* [Task requirements]: Produce an exact copy of all the data below, dropping every image.

* [Material provided]:
########

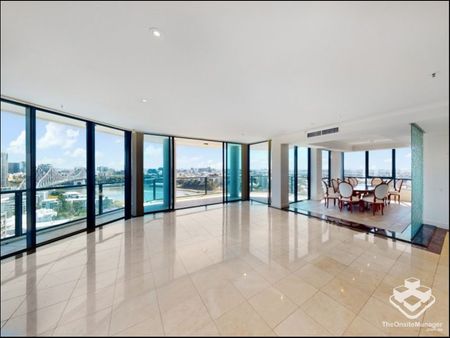 Luxury Living Redefined: Sub-Penthouse Bliss at Macleay Tower and Villas - Photo 4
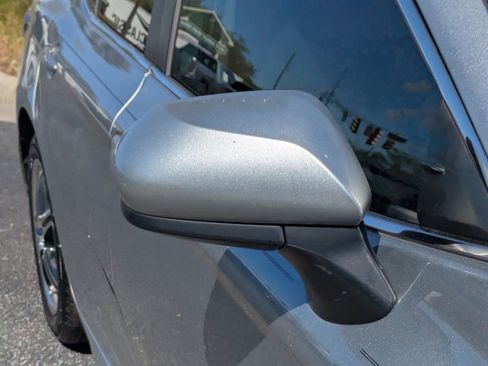 Used 2019 Toyota Camry LE image 12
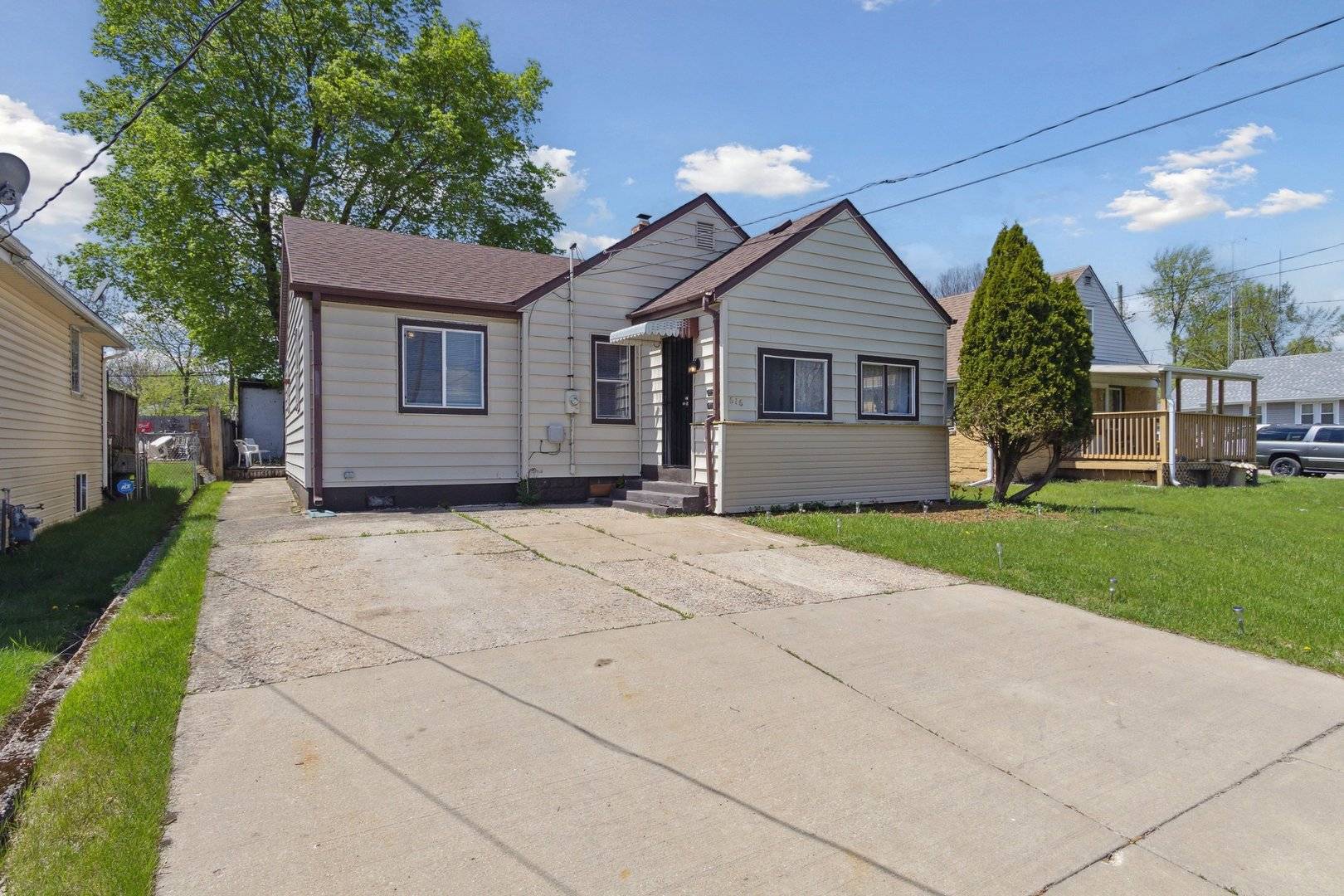 Rockford, IL 61101,616 N Day AVE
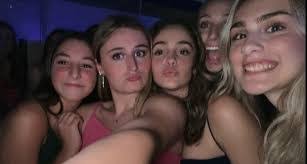 Ruth Boles's Instagram, Twitter & Facebook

########

* [Response area]:
 Luxury Living Redefined: Sub-Penthouse Bliss at Macleay Tower and Villas - Photo 4
 Used 2019 Toyota Camry LE image 12
 Rockford, IL 61101,616 N Day AVE
 Ruth Boles's Instagram, Twitter & Facebook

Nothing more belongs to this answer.